U.S. President Barack Obama called on the Ukrainian government to refrain from employing armed forces in resolving the political crisis, warning of consequences for those who “step over the line.” “We hold the Ukrainian government primarily responsible for making sure that it is dealing with peaceful protesters in an appropriate way, that the Ukrainian people are able to assemble and speak freely about the interests without fear of repression,” he said on Feb. 19.
The Foreign Affairs Ministry called an emergency meeting on Feb. 19 involving Western diplomats and law enforcement authorities, the Kommersant-Ukraine news site reported today. Serhiy Burkalov, the head of the public relations administration of the Internal Affairs Ministry, insisted no snipers were used by the police, despite ample video and photographic evidence to the contrary. He also insisted the police used no firearms, despite lethal bullet wounds suffered by activists and ample photographs on the Internet of officers holding Kalashnikovs. “We have very reliable information that police had firearms and used them,” said Andreas von Beckerath, the Swedish Ambassador to Ukraine.
In response, Burlakov said many activists have bullet wounds in their spines, “which gives the basis to state that they were founded by their comrades.” Dutch Ambassador to Ukraine Peter Jan Walters criticized the government’s characterization of the opposition as terrorists. “Even a broad interpretation of the term ‘terrorism’ doesn’t allow you to call your political opponents as such,” he said.
U.S. Ambassador to Ukraine Geoffrey Pyatt met with Ukrainian Foreign Minister Leonid Kozhara on Feb. 18. The failure of the meeting was evident in his remarks afterwards, telling the Dzerkalo Tyzhnia newspaper, “From this moment on, the U.S. holds the government responsible for everything that happens in Ukraine.” A similar position was adopted by Western diplomats.
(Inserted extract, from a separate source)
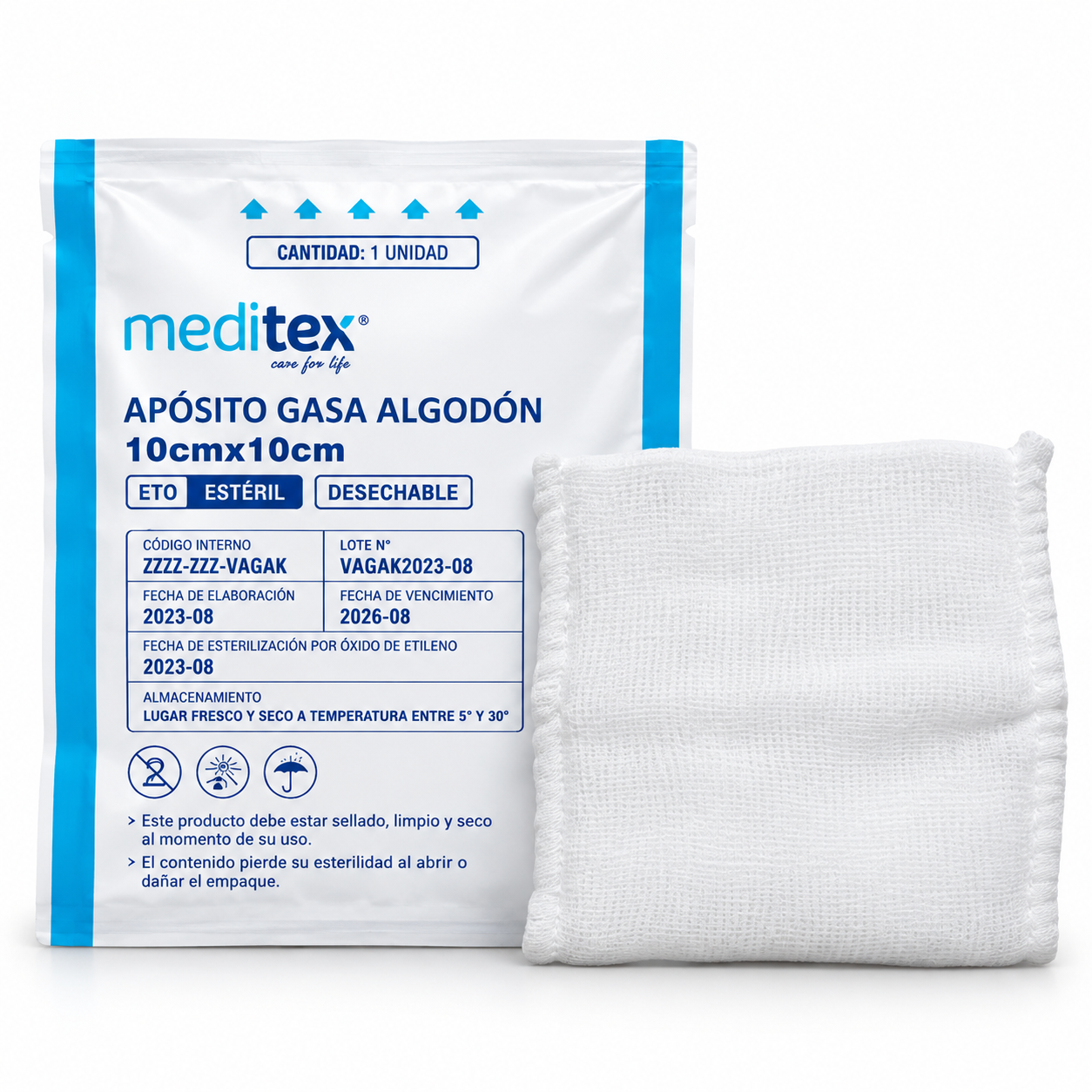 Imagen ilustrativa de apósito de gasa de algodón estéril Meditex de 10 por 10 centímetros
Former Polish President Aleksander Kwasniewski, an expert on Ukrainian affairs, compared the events of Feb. 18 to China’s Tiananmen Square massacre of dozens of protesters. He said both the Ukrainian government and opposition leadership have lost control of the conflict. “People in Ukraine see that the government doesn’t want talks,” he said in an interview with Polish radio. “And all this is happening in a country where no one trusts each other. During my time in Kyiv months ago, I was surprised by the level of mutual distrust, to put it lightly.”
Zenon Zawada: The government’s anti-terrorism offensive has yet to be launched on a full scale, with no reports of army soldiers in the city center yet. Yet many observers believe it’s the government that has engaged in terrorism against its population by ignoring two months of peaceful protest, attempting to eliminate freedom of speech and assembly, illegally imprisoning and torturing protesters, hiring thugs to beat and murder activists, and opening gunfire on unarmed people.
The Ukrainian government’s disastrous handling of the political crisis has ruined its standing among Western governments. Its black-and-white characterization of the conflict, blaming all the violence and trouble on the opposition, has jeopardized its credibility with Western leaders.